■ Your assignment ■
All that is wanted is the exact lines from the first line of the data below through the line with "高品质出厂 The Row", both ends included, with pictures omitted.

------------------------

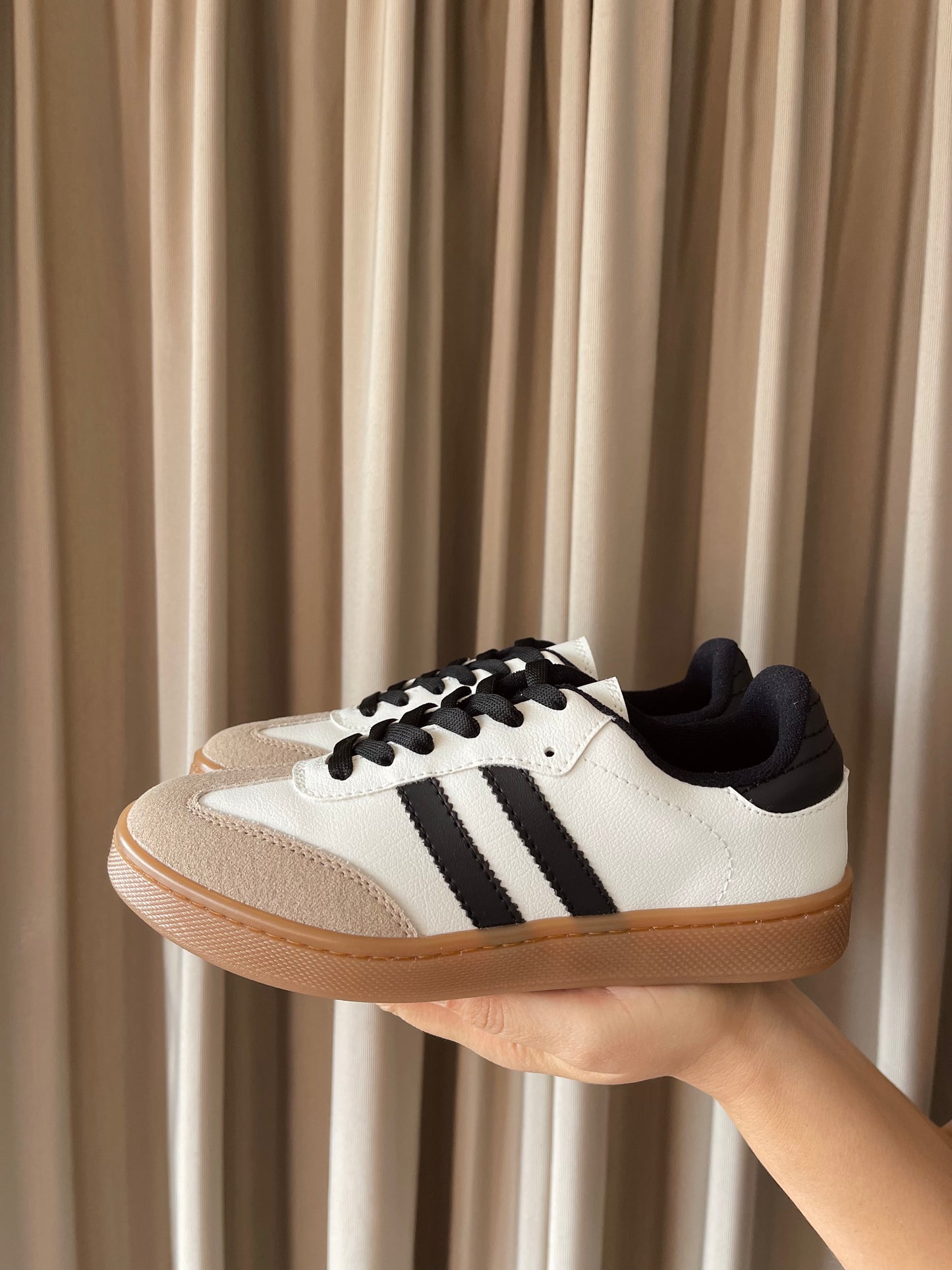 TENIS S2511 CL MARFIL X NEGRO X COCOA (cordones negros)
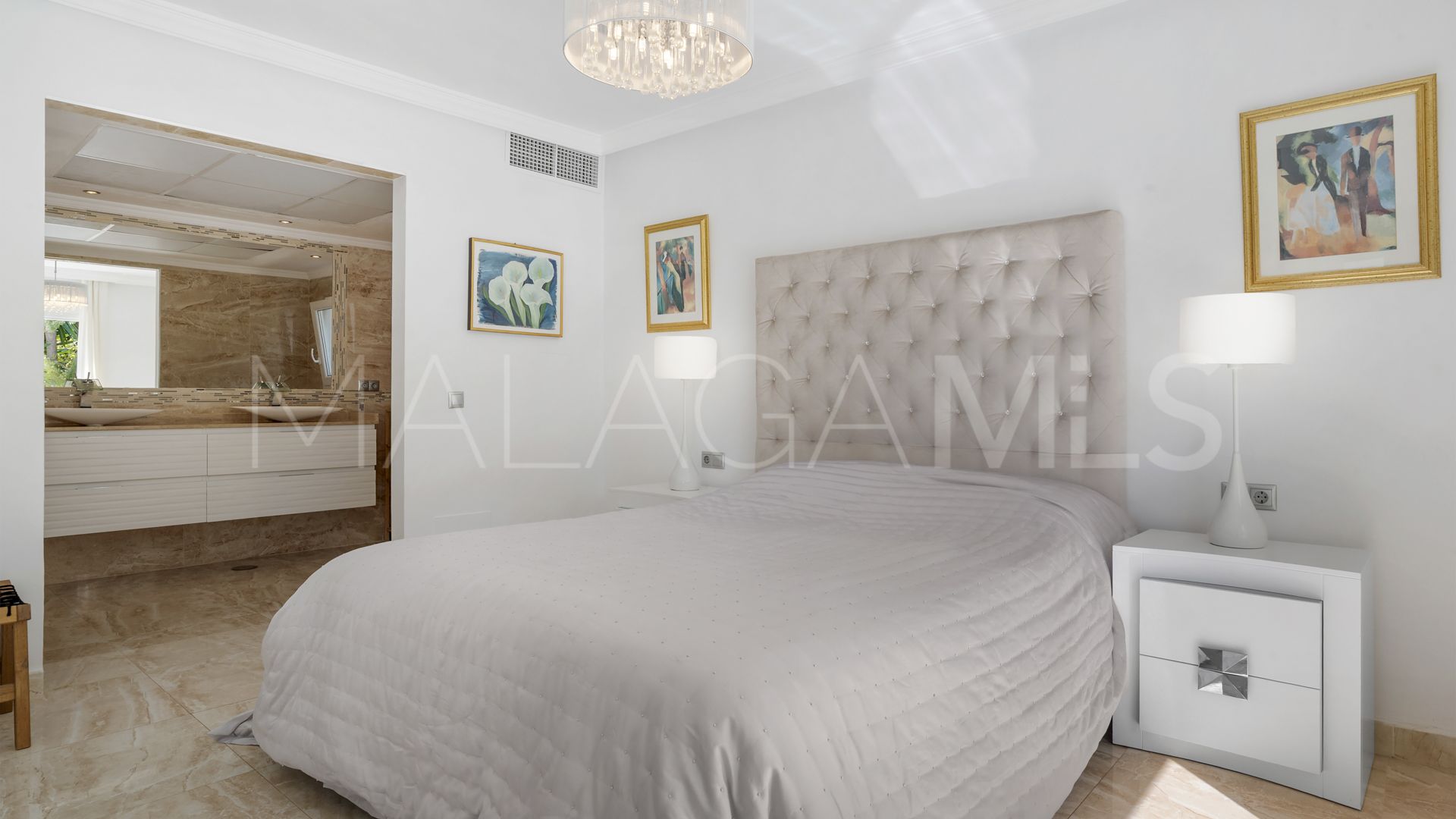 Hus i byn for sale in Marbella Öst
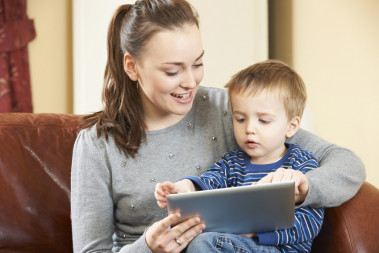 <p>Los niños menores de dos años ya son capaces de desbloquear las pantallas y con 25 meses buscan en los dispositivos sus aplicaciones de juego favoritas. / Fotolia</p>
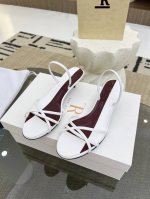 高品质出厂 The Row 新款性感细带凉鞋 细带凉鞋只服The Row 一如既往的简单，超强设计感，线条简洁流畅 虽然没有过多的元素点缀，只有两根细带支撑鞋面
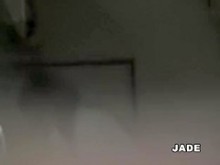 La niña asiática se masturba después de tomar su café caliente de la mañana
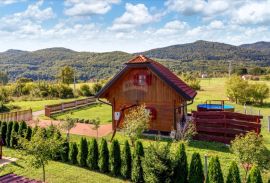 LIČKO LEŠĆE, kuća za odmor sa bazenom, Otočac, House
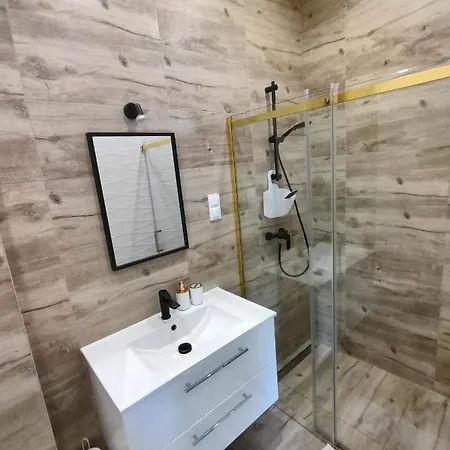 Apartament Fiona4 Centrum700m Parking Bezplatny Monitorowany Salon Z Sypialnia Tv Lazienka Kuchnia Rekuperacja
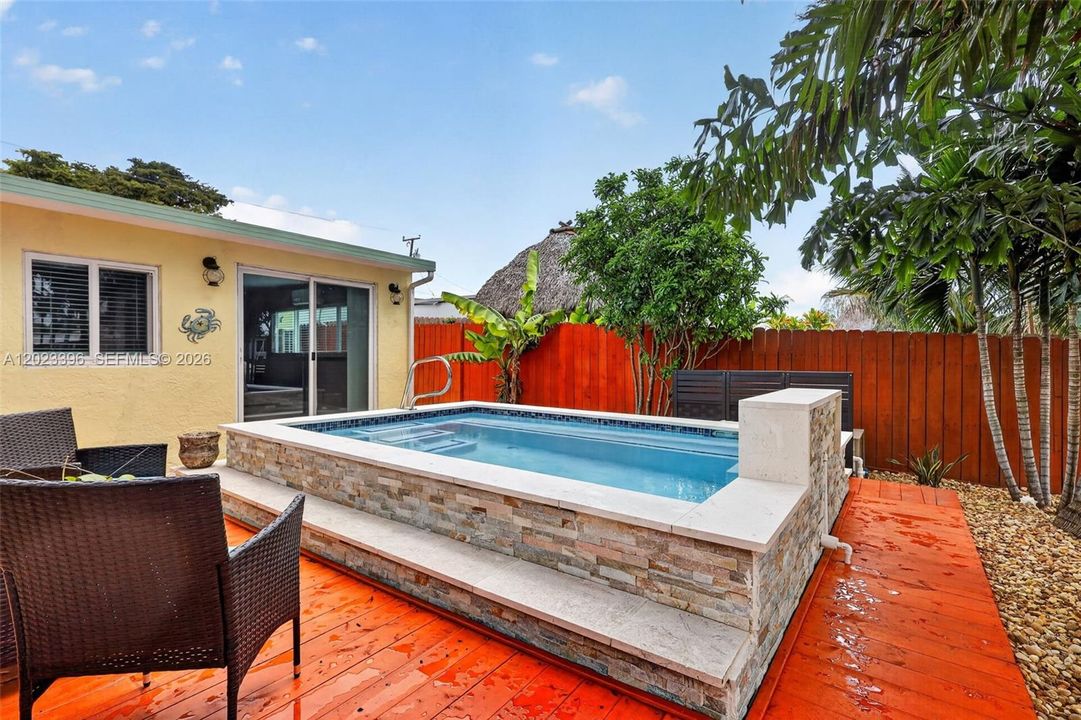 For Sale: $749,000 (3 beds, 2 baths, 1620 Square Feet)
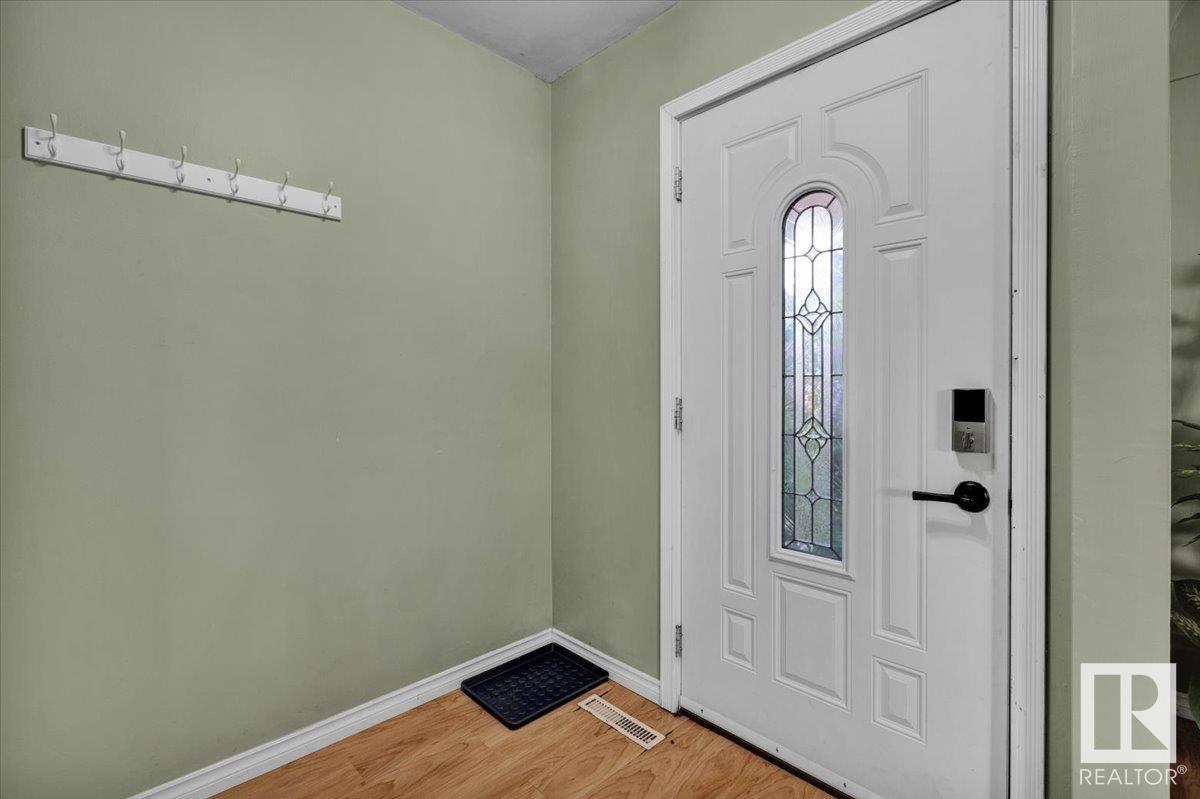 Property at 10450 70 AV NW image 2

------------------------

■ Result ■
 TENIS S2511 CL MARFIL X NEGRO X COCOA (cordones negros)
 Hus i byn for sale in Marbella Öst
 <p>Los niños menores de dos años ya son capaces de desbloquear las pantallas y con 25 meses buscan en los dispositivos sus aplicaciones de juego favoritas. / Fotolia</p>
 高品质出厂 The Row 新款性感细带凉鞋 细带凉鞋只服The Row 一如既往的简单，超强设计感，线条简洁流畅 虽然没有过多的元素点缀，只有两根细带支撑鞋面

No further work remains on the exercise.